== SOURCE DATA ==

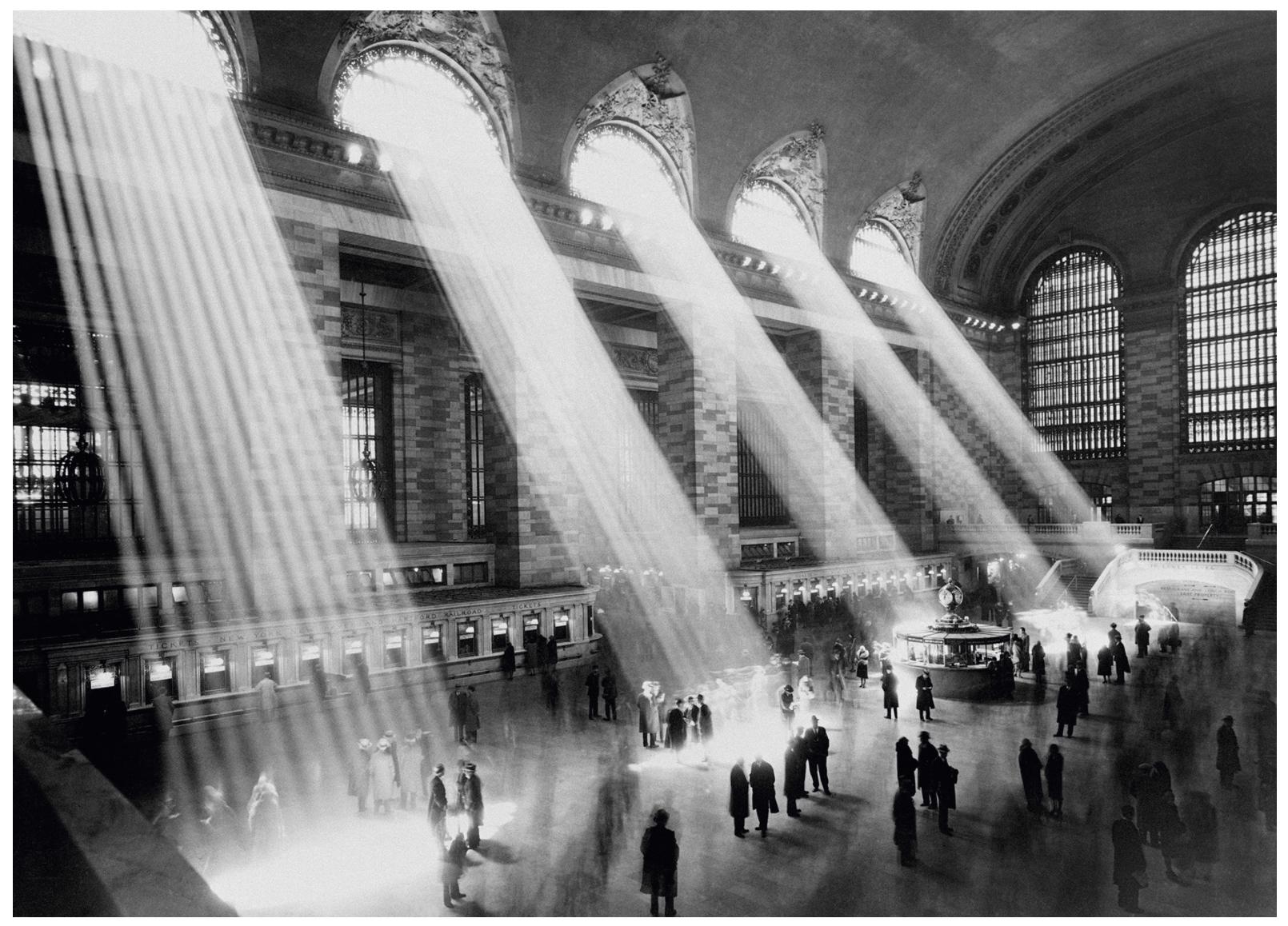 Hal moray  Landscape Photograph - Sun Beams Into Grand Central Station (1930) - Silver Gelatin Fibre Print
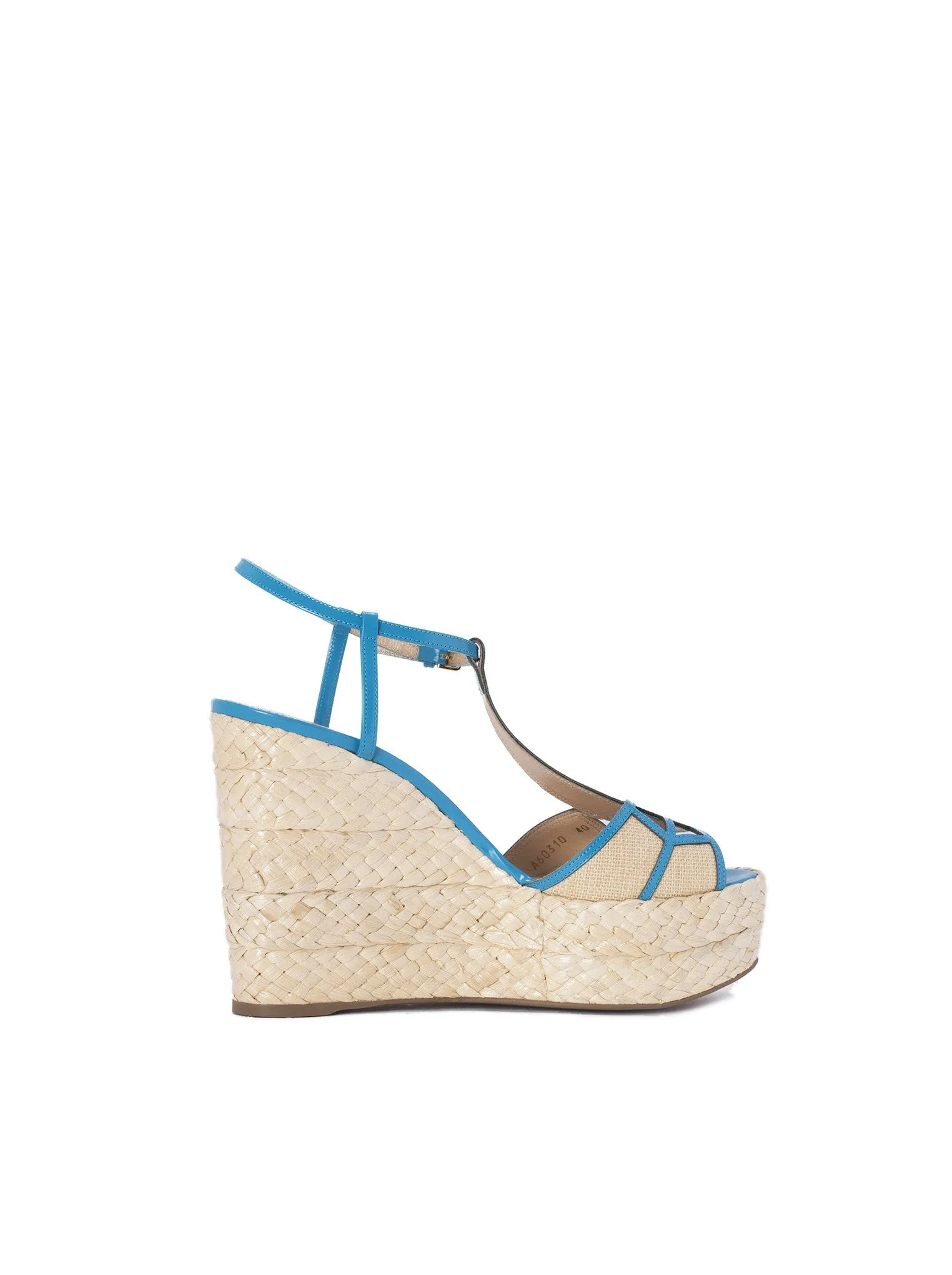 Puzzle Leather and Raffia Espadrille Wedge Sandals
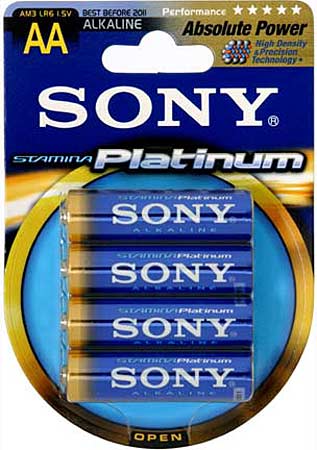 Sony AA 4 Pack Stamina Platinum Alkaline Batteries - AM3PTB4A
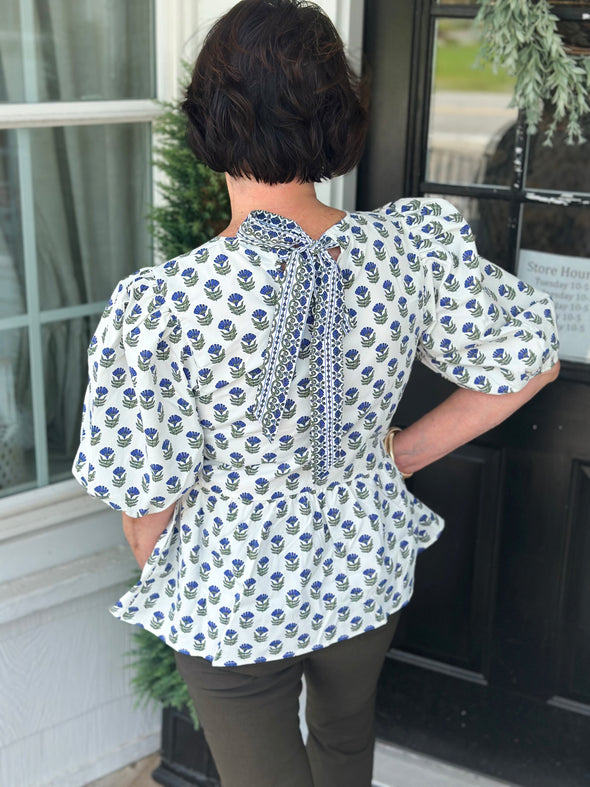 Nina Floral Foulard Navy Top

===

[YOUR ASSIGNMENT] Repeat every line above exactly, but omit all images.

[SOLUTION TO THE EXERCISE]
 Hal moray  Landscape Photograph - Sun Beams Into Grand Central Station (1930) - Silver Gelatin Fibre Print
 Puzzle Leather and Raffia Espadrille Wedge Sandals
 Sony AA 4 Pack Stamina Platinum Alkaline Batteries - AM3PTB4A
 Nina Floral Foulard Navy Top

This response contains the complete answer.